There is a fireplace in front of the great king above of which the symbol of Faravahar has been depicted. The sun is rising right in front of the king. There are two inscriptions in ancient Persian, Elamite and Akkadian, which read: “A great god is Ahura Mazda, who created the happiness for man; By the favor of Ahura Mazda, my desire is the right path,” “I am Darius the great king, king of kings, king of countries containing all kinds of men, king in this great earth far and wide.”
The tombs of three other kings of the Achaemenid empire are also here is Naqsh-e Rostam; those of Xerxes I, Artaxerxes I and Darius II. All tombs are similar standing next to the tomb of Darius the great.
There are also seven reliefs which are the memorial of Sassanid kings on the hillside of the mountain carved on the stone. The first one belongs to Artaxerxes I, 50 meters side, four meters high and 15 centimeters thick. The founder king of Sassanid empire is sitting on the back of a hours receiving the royal crown from the highest priest. His left hand is up as showing some respect to Ahura Mazda and the royal crown includes a long ribbon. There is an inscription in this relief placed right on the horse’s breast, which reads: “the horseman of the deities is the great king of Iran, Babak’s son, …”.
On the right side of the relief of Artaxerxes coronation, you can see the relief of Bahram II along with eight of his companions. The king’s hands are placed on the sword’s hilt and the crown has two wings on two sides.
The third relief is visible below the monument of the Darius II of Achaemenid and it is approximately nine meters wide. In this depiction, you can see the Sassanid Bahram II’s triumph over one of his enemies. The enemy has been tumbled, his spear is broken and one of his fellows is attacking behind the back of the king.
The relief of Hormoz II fight, the Sassanid king, is visible below the tomb of Artaxerxes I of Achaemenid.
The fifth depiction is a special relief on the triumph of Shapur I over the Valerian, the Roman emperor. King is here is sitting on the back of a hours, forgiving the Valerian who is bending his knee. The king has a jagged crown and he is wearing earrings, pants and the coat.

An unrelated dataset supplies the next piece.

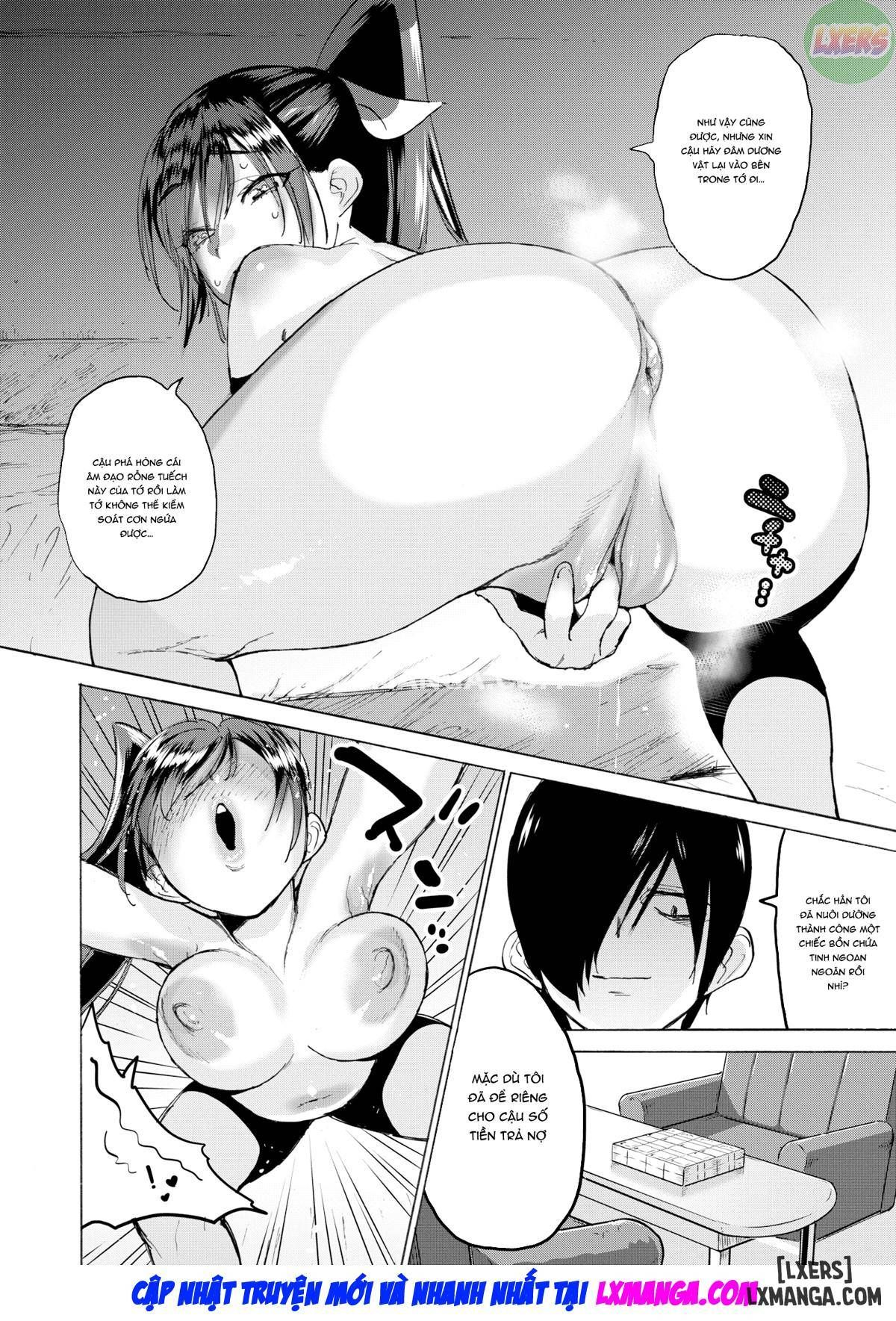 đọc truyện Sau Tất Cả, Tôi Yêu Việc Làm Chương 1 ảnh 25 tại Thiên Thai Truyện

In the sixth relief, below the tomb of Darius the great, you can see the Bahram IV, who is also called Bahram Gur. He is in the battle and has a spear in his hand.
The seventh relief is depicting the coronation ceremony of Narseh who is receiving the crown or ring from Anahita, the divinity of the waters. The Sassanid king has been worn a tight coat, a pear necklace and his hair is tousled.